Task directions -
Take the listing and give it again exactly, from its first line to its last line.

/---

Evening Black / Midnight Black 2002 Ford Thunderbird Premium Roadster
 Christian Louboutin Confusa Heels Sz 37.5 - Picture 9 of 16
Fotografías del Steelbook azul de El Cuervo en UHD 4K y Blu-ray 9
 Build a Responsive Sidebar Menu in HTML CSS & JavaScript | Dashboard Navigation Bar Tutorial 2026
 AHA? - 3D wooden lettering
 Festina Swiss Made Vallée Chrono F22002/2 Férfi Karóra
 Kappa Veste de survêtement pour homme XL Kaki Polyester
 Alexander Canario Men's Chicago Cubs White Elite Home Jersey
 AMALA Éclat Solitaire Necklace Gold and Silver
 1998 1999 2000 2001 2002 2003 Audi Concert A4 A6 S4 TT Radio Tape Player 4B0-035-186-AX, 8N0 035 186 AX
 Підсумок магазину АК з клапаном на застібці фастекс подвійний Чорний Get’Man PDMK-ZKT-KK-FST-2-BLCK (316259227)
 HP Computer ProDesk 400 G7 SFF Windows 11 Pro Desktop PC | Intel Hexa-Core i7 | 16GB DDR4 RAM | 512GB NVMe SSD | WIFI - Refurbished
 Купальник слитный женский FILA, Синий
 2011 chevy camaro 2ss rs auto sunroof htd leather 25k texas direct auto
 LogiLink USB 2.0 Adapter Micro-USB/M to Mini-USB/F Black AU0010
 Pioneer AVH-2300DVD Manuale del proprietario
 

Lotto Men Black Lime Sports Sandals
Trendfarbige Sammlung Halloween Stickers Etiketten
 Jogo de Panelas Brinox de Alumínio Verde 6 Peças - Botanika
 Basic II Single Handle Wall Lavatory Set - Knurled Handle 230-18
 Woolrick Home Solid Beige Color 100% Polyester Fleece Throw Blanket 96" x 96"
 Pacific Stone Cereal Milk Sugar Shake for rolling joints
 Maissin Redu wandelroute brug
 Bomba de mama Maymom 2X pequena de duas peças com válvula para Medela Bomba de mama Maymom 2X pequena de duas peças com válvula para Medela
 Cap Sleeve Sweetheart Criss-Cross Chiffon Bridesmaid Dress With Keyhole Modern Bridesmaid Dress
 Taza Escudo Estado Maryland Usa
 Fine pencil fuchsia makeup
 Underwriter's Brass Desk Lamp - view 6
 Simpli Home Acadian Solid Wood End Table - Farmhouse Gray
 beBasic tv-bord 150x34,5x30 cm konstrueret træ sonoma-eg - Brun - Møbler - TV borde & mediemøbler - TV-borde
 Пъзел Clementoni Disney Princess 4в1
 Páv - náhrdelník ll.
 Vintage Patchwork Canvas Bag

\---

Solution for this problem -
Evening Black / Midnight Black 2002 Ford Thunderbird Premium Roadster
 Christian Louboutin Confusa Heels Sz 37.5 - Picture 9 of 16
Fotografías del Steelbook azul de El Cuervo en UHD 4K y Blu-ray 9
 Build a Responsive Sidebar Menu in HTML CSS & JavaScript | Dashboard Navigation Bar Tutorial 2026
 AHA? - 3D wooden lettering
 Festina Swiss Made Vallée Chrono F22002/2 Férfi Karóra
 Kappa Veste de survêtement pour homme XL Kaki Polyester
 Alexander Canario Men's Chicago Cubs White Elite Home Jersey
 AMALA Éclat Solitaire Necklace Gold and Silver
 1998 1999 2000 2001 2002 2003 Audi Concert A4 A6 S4 TT Radio Tape Player 4B0-035-186-AX, 8N0 035 186 AX
 Підсумок магазину АК з клапаном на застібці фастекс подвійний Чорний Get’Man PDMK-ZKT-KK-FST-2-BLCK (316259227)
 HP Computer ProDesk 400 G7 SFF Windows 11 Pro Desktop PC | Intel Hexa-Core i7 | 16GB DDR4 RAM | 512GB NVMe SSD | WIFI - Refurbished
 Купальник слитный женский FILA, Синий
 2011 chevy camaro 2ss rs auto sunroof htd leather 25k texas direct auto
 LogiLink USB 2.0 Adapter Micro-USB/M to Mini-USB/F Black AU0010
 Pioneer AVH-2300DVD Manuale del proprietario
 

Lotto Men Black Lime Sports Sandals
Trendfarbige Sammlung Halloween Stickers Etiketten
 Jogo de Panelas Brinox de Alumínio Verde 6 Peças - Botanika
 Basic II Single Handle Wall Lavatory Set - Knurled Handle 230-18
 Woolrick Home Solid Beige Color 100% Polyester Fleece Throw Blanket 96" x 96"
 Pacific Stone Cereal Milk Sugar Shake for rolling joints
 Maissin Redu wandelroute brug
 Bomba de mama Maymom 2X pequena de duas peças com válvula para Medela Bomba de mama Maymom 2X pequena de duas peças com válvula para Medela
 Cap Sleeve Sweetheart Criss-Cross Chiffon Bridesmaid Dress With Keyhole Modern Bridesmaid Dress
 Taza Escudo Estado Maryland Usa
 Fine pencil fuchsia makeup
 Underwriter's Brass Desk Lamp - view 6
 Simpli Home Acadian Solid Wood End Table - Farmhouse Gray
 beBasic tv-bord 150x34,5x30 cm konstrueret træ sonoma-eg - Brun - Møbler - TV borde & mediemøbler - TV-borde
 Пъзел Clementoni Disney Princess 4в1
 Páv - náhrdelník ll.
 Vintage Patchwork Canvas Bag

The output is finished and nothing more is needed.